When you commit to causing no harm in your relationship with money, you aim to understand how your choices cause harm to yourself and others and take action to mitigate that harm.
The sixth principle of Positive Money helps you recognize how you’re capable of inflicting harm on yourself and others in the ways you think, feel, and act in your relationship with money. This can look as simple as buying something that puts you in debt or as complex as ongoing patterns of feeling unworthy. If you use money for control or power over others as a measure of your self-worth or a way to separate yourself from others, it’s being used for harm. If you get down on yourself for not earning more or you think you’re stupid because you don’t know more about money, you’re also causing harm.
When you commit to the sixth principle of Positive Money, you get curious about the subtle or not-so-subtle ways your words or actions may cause harm and you aim to make changes that will lead to more positive outcomes.
Examples of Positive Money Principle 6
The following are some examples.
• Notice the words or phrases you use when talking about money that might be hiding your bias or making it ok for you to judge. For example, if you automatically say something is ‘expensive,’ is that a fact or your opinion? A fact would be that the price for a Mercedes is higher than that of a Kia. Your opinion may be that the Mercedes is expensive while someone else might not describe it that way. If you want to stick with the facts, the Mercedes is outside your price range right now, though perhaps it won’t be one day. While you reflect on how or when you use the word “expensive,” think about other ways you attach judgment to everyday words like ‘rich,’ ‘poor,’ or ‘lazy.’

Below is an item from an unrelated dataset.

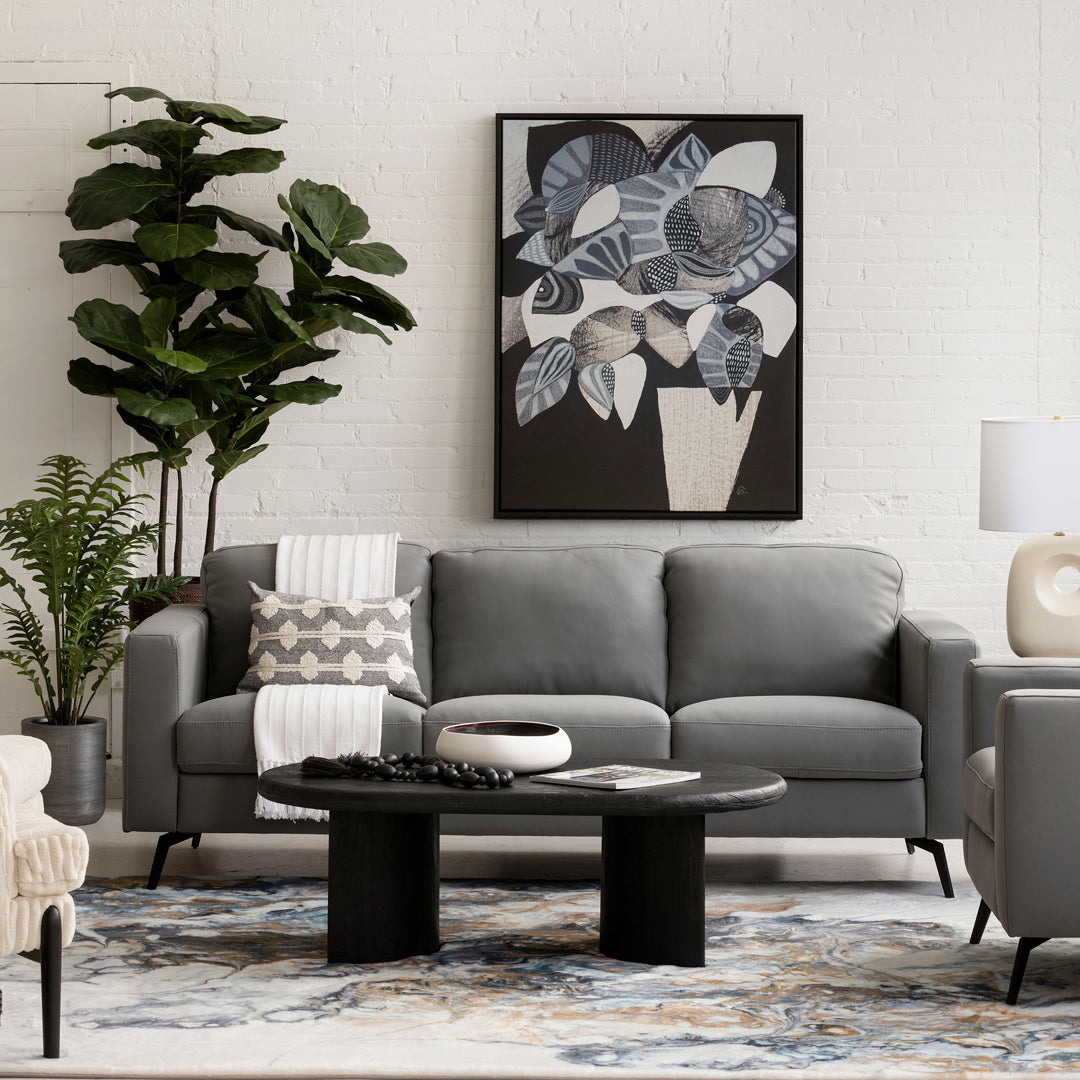 Calaris Leather Sofa | Schneiderman's Furniture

• Replace old stories or habits that no longer serve you with ones that do. When one of my business clients realized how often she assumed what her customers could or could not afford, she decided that it was time to stay out of their pocketbook and focus more on hers. She thought about different offers she could make that felt good for her and her bank account, knowing that some potential clients would accept and others wouldn’t.
• Accept that others may not agree with you or adhere to your worldview. This can be a tough one, especially when you’re so certain about your beliefs and values that you judge others for theirs. For example, I’m worried about the impacts of climate change and can’t believe that millions of others aren’t either because they don’t know or don’t care. This causes me pain because I worry about our future and feel so helpless. I do have options, however. I can help to educate and advocate.